Individuals with MS are at higher risk for emotional disorders, which can significantly disrupt family, work, and social life. These mood disorders are highly treatable through a combination of psychiatric and psychological therapy and medication treatment.
The resources exist, but the delivery of these treatments is not always well-implemented. Learning to address your concerns about your emotional reactions with your MS neurologist and other members of your healthcare team is essential. People with MS must not only focus on the physical symptoms of MS, but also on the emotional and psychological symptoms. When needed, ask your physician and/or nurse to refer you to mental-health professionals who are skilled in this area and who ideally have experience with MS or other chronic conditions.

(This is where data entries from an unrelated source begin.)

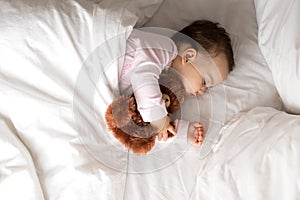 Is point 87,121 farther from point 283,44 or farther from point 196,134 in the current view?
point 283,44

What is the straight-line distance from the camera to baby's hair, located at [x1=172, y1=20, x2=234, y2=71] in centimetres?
115

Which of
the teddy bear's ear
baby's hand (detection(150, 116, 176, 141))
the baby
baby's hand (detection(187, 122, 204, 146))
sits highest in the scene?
the baby

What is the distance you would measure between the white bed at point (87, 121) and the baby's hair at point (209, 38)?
0.40 feet

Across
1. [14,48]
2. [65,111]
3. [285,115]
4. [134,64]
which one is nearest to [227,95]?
[285,115]

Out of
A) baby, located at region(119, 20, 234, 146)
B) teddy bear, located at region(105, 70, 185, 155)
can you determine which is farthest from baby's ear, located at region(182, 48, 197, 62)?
teddy bear, located at region(105, 70, 185, 155)

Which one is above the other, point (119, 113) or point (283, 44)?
point (283, 44)

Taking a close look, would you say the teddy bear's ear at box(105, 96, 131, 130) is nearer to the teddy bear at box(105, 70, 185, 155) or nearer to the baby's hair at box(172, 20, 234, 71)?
the teddy bear at box(105, 70, 185, 155)

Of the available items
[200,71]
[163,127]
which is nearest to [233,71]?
[200,71]

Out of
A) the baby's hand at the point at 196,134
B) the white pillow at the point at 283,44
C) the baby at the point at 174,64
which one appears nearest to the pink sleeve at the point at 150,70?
the baby at the point at 174,64

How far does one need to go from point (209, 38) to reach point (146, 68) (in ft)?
0.60

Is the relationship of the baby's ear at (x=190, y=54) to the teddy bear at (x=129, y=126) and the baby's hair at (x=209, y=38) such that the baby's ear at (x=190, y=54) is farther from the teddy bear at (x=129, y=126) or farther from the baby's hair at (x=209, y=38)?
the teddy bear at (x=129, y=126)

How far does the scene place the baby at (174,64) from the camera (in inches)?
42.2

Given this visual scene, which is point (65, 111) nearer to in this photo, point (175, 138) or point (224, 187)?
point (175, 138)

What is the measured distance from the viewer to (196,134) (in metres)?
1.16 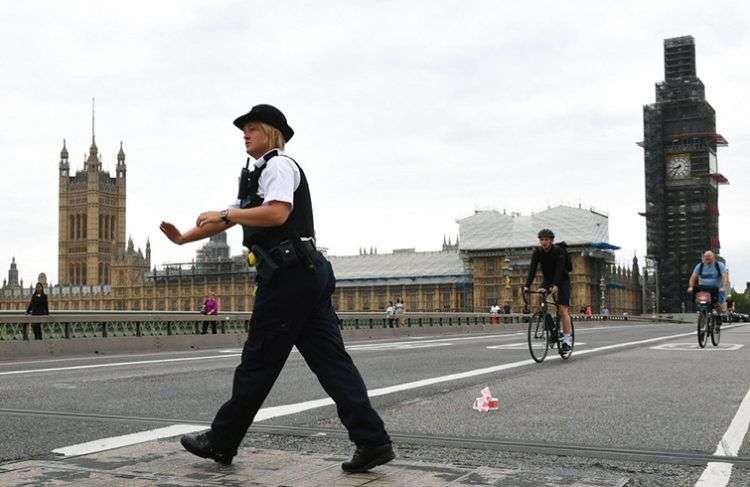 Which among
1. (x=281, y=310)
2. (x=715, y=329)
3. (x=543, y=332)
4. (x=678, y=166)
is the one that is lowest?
(x=715, y=329)

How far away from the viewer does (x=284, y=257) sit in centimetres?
441

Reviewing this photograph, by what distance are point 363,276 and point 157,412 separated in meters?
131

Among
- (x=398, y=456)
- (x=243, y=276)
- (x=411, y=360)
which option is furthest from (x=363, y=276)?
(x=398, y=456)

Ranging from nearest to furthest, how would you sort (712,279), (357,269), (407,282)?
(712,279)
(407,282)
(357,269)

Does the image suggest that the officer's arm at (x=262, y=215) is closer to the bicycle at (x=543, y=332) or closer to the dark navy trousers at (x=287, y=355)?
the dark navy trousers at (x=287, y=355)

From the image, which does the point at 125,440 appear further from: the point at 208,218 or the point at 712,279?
the point at 712,279

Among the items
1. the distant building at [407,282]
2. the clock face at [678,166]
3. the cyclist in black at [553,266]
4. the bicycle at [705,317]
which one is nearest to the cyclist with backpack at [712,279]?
the bicycle at [705,317]

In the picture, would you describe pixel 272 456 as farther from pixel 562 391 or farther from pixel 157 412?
pixel 562 391

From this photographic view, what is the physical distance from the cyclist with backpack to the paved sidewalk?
11547 mm

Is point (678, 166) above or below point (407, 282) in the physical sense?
above

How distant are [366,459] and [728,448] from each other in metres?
2.19

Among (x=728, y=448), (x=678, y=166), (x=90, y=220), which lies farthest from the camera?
(x=90, y=220)

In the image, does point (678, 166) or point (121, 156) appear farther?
point (121, 156)

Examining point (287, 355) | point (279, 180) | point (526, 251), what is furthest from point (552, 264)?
point (526, 251) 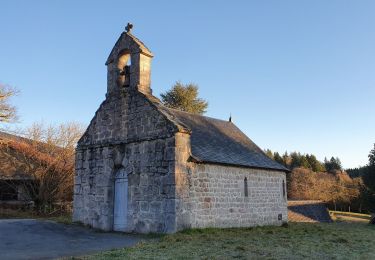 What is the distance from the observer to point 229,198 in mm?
18484

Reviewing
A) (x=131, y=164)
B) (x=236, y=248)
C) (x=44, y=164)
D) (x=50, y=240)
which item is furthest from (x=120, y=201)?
(x=44, y=164)

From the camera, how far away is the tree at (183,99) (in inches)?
1769

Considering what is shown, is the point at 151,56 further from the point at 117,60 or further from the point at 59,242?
the point at 59,242

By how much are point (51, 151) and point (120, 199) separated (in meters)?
15.2

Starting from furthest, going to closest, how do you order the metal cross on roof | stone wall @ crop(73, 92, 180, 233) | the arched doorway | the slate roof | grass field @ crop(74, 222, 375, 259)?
the metal cross on roof, the slate roof, the arched doorway, stone wall @ crop(73, 92, 180, 233), grass field @ crop(74, 222, 375, 259)

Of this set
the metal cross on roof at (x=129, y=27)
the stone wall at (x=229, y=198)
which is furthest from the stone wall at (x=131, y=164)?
the metal cross on roof at (x=129, y=27)

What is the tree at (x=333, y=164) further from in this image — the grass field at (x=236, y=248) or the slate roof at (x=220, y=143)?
the grass field at (x=236, y=248)

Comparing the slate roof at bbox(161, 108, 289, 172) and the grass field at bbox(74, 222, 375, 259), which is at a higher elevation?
the slate roof at bbox(161, 108, 289, 172)

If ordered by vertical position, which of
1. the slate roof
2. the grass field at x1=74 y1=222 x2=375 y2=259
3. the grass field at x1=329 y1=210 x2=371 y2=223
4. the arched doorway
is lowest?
the grass field at x1=329 y1=210 x2=371 y2=223

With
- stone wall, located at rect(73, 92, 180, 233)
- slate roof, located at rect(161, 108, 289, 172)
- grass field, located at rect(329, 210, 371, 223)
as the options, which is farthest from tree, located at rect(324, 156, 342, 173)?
stone wall, located at rect(73, 92, 180, 233)

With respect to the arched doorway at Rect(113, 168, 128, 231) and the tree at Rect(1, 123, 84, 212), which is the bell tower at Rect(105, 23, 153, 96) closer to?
the arched doorway at Rect(113, 168, 128, 231)

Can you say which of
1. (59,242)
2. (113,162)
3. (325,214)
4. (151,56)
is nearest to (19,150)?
(113,162)

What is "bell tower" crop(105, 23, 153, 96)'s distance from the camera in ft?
58.0

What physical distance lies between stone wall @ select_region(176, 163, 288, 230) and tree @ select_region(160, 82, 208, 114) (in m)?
23.1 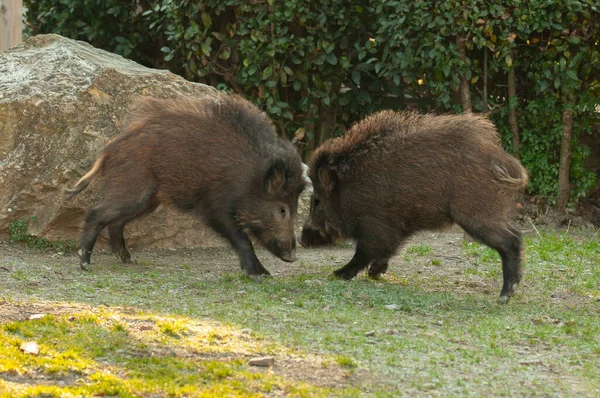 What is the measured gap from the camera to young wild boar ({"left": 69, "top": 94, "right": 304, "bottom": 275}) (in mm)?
7449

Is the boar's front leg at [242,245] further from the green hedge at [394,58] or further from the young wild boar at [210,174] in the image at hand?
the green hedge at [394,58]

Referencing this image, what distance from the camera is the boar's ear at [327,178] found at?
24.7ft

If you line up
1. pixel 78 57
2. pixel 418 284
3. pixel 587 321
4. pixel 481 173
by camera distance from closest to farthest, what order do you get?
pixel 587 321, pixel 481 173, pixel 418 284, pixel 78 57

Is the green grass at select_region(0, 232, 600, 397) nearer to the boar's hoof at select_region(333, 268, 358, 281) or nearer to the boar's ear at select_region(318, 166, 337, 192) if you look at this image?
the boar's hoof at select_region(333, 268, 358, 281)

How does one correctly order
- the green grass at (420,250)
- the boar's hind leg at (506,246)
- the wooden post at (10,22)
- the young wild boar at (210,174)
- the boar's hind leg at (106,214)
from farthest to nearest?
the wooden post at (10,22)
the green grass at (420,250)
the boar's hind leg at (106,214)
the young wild boar at (210,174)
the boar's hind leg at (506,246)

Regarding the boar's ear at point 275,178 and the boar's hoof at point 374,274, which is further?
the boar's hoof at point 374,274

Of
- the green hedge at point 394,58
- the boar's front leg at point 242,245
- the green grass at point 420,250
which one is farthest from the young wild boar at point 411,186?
the green hedge at point 394,58

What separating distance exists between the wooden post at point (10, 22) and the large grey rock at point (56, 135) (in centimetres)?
172

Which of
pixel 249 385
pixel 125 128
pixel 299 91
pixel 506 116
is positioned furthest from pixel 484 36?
pixel 249 385

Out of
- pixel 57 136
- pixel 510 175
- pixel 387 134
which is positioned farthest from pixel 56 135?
pixel 510 175

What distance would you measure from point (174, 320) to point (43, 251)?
321 cm

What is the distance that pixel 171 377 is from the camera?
4566mm

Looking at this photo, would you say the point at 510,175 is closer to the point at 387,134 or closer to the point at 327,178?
the point at 387,134

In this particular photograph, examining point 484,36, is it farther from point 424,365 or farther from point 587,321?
point 424,365
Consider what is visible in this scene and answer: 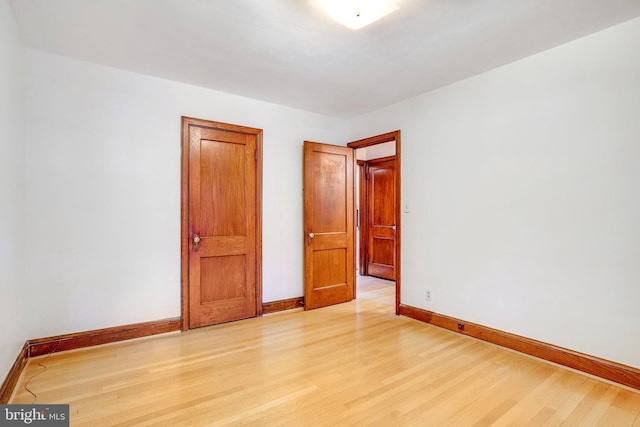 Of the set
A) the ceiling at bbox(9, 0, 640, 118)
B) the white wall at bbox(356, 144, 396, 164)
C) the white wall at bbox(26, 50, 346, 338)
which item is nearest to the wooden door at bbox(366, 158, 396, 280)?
the white wall at bbox(356, 144, 396, 164)

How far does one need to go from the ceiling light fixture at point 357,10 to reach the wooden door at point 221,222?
6.43 feet

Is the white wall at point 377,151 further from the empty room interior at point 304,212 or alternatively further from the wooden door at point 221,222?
the wooden door at point 221,222

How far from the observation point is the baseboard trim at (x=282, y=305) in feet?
13.2

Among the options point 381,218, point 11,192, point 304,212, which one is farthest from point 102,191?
point 381,218

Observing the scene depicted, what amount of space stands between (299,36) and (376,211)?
14.2ft

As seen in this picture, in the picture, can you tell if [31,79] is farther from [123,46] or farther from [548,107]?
[548,107]

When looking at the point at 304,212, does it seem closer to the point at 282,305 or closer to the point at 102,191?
the point at 282,305

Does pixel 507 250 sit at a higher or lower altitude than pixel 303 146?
lower

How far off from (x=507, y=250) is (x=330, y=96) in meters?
2.58

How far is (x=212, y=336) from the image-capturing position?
3285 millimetres

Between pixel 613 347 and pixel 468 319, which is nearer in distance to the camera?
pixel 613 347

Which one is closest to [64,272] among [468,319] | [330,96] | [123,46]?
[123,46]

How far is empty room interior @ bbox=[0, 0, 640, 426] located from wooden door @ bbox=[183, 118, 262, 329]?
0.02 meters

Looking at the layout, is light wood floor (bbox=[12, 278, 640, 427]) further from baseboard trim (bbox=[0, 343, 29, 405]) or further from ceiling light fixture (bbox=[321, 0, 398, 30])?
ceiling light fixture (bbox=[321, 0, 398, 30]) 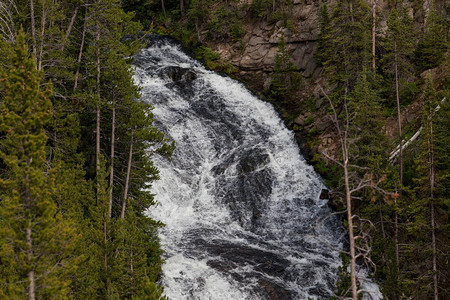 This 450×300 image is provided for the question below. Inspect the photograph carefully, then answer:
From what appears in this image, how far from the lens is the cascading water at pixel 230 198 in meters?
18.0

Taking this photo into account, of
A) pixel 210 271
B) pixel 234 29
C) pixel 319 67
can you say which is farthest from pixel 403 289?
pixel 234 29

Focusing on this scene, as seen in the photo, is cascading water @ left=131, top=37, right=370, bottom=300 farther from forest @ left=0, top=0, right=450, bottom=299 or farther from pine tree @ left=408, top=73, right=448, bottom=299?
pine tree @ left=408, top=73, right=448, bottom=299

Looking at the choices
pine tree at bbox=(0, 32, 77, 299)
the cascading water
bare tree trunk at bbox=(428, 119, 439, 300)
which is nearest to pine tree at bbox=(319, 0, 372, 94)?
the cascading water

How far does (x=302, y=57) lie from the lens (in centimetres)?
3506

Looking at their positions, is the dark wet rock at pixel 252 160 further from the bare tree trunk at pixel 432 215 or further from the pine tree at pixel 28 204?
the pine tree at pixel 28 204

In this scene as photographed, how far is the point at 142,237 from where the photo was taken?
17.5 metres

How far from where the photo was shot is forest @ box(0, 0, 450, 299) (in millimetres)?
9867

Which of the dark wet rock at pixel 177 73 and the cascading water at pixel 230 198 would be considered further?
the dark wet rock at pixel 177 73

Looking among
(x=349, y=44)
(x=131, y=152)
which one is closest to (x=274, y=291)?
(x=131, y=152)

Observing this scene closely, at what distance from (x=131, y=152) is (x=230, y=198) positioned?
9179 millimetres

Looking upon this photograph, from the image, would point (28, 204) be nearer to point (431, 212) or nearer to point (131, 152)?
point (131, 152)

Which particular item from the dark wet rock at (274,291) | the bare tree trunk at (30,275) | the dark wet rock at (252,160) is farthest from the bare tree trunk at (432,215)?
the bare tree trunk at (30,275)

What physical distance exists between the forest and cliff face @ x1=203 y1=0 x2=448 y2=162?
26 cm

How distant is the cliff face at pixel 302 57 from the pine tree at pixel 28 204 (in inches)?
848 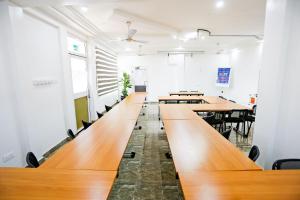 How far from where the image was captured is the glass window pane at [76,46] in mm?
4684

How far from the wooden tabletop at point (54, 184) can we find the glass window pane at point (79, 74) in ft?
12.3

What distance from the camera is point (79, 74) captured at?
5.29 m

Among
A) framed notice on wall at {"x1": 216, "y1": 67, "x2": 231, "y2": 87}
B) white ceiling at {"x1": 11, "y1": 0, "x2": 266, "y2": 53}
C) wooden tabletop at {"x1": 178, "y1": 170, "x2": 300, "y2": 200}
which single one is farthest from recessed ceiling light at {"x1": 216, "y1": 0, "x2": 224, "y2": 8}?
framed notice on wall at {"x1": 216, "y1": 67, "x2": 231, "y2": 87}

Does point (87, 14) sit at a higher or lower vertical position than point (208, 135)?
higher

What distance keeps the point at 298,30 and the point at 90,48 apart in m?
5.65

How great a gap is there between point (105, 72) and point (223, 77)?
670cm

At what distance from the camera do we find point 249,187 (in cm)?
129

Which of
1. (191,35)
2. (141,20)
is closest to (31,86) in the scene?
(141,20)

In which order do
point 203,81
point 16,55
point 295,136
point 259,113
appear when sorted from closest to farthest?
point 295,136
point 259,113
point 16,55
point 203,81

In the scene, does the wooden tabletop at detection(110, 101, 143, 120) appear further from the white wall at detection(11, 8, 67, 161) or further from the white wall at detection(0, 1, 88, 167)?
the white wall at detection(11, 8, 67, 161)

Please note, however, that mental-health professionals who specialize in MS are extremely limited. According to MSAA’s client services department, “When people call for a referral, we refer them first to their MS center or neurologist, who may have someone to recommend. As a second option, we advise people with insurance to check with their provider for mental-health professionals who have a specialty in chronic illness, pain management, or neurological disorders. We explain that not every therapist may be a good match for every person, and that individuals may need to schedule a few introductory sessions with different providers before finding someone they are comfortable with.”
We hope that this article will help individuals with MS who are experiencing emotional or psychological issues to know that they are not alone – and that they should not feel embarrassed over these symptoms that they cannot control. Seeking help by discussing these issues with your doctor is the first step toward returning to a happier and more satisfying quality of life.